Il mercato rionale mi terrorizzava. Quel mettersi sguaiatamente in mostra, esibendo stoccafissi come simboli fallici; il grido greve del salumiere che ha il “pecorino addrizzamanico”; lo sguardo sotterraneo dei ragazzi accanto alle “buatte” di pesce salato; l’odore forte che si levava dietro il teatrino di tende, dove s’ammucchiavano le cotenne, i mezzi pesci, gli scatoloni.
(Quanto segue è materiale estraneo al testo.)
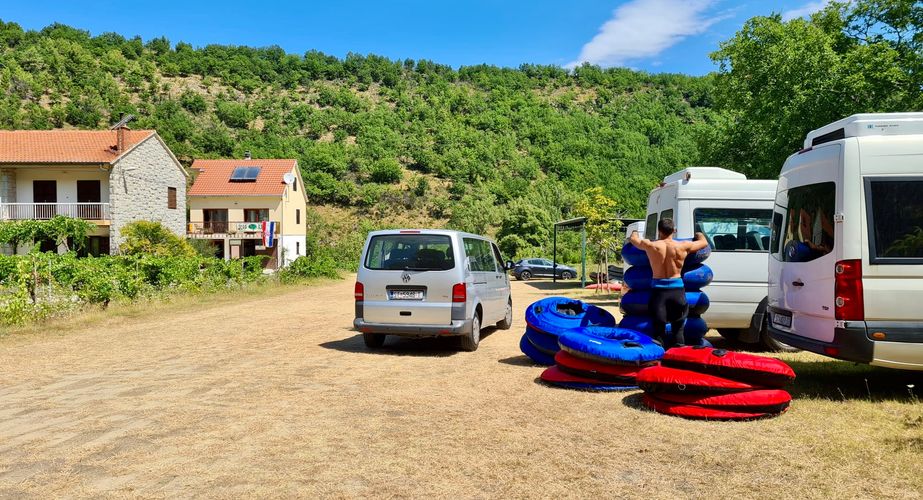 Rivertubing Kroatie Comfort reizen Rivertubing Kroatie Comfort reizen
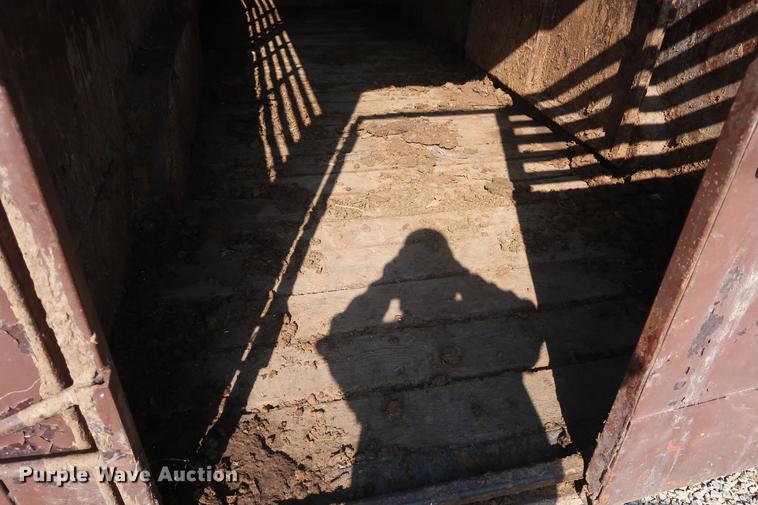 image for item EL9284 1988 Ponderosa livestock trailer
Le casalinghe guardinghe, sempre timorose di salassi, addomesticate dai mariti ai quali “piaceva quello o piaceva quell’altro e guai a portargli qualcos’altro…”

Tutta quella funzione e quei sorrisi da commedia dell’arte, con la mano tesa verso la punta del piede, come Arlecchino. Quell’atmosfera generale da “baraccone”; quell’aria da Circo. I Mangiafuoco napoletani che vendevano le scarpe a poco. Le parannanze gialle a fine giornata, coi lacci lisi dai troppi nodi. L’odore di cacio che si annida nei polsini e dietro al collo. Le donne coi polpacci spessì e le zeppe. Donne messe curve dietro un tavolato, le mutandine abbassate alle caviglie, la testa ondulante e gli occhi sognanti.

Avevo terrore di tutta quella vita palesemente mostrata e tutta concentrata in poche decine di metri, pullulante come da un formicaio.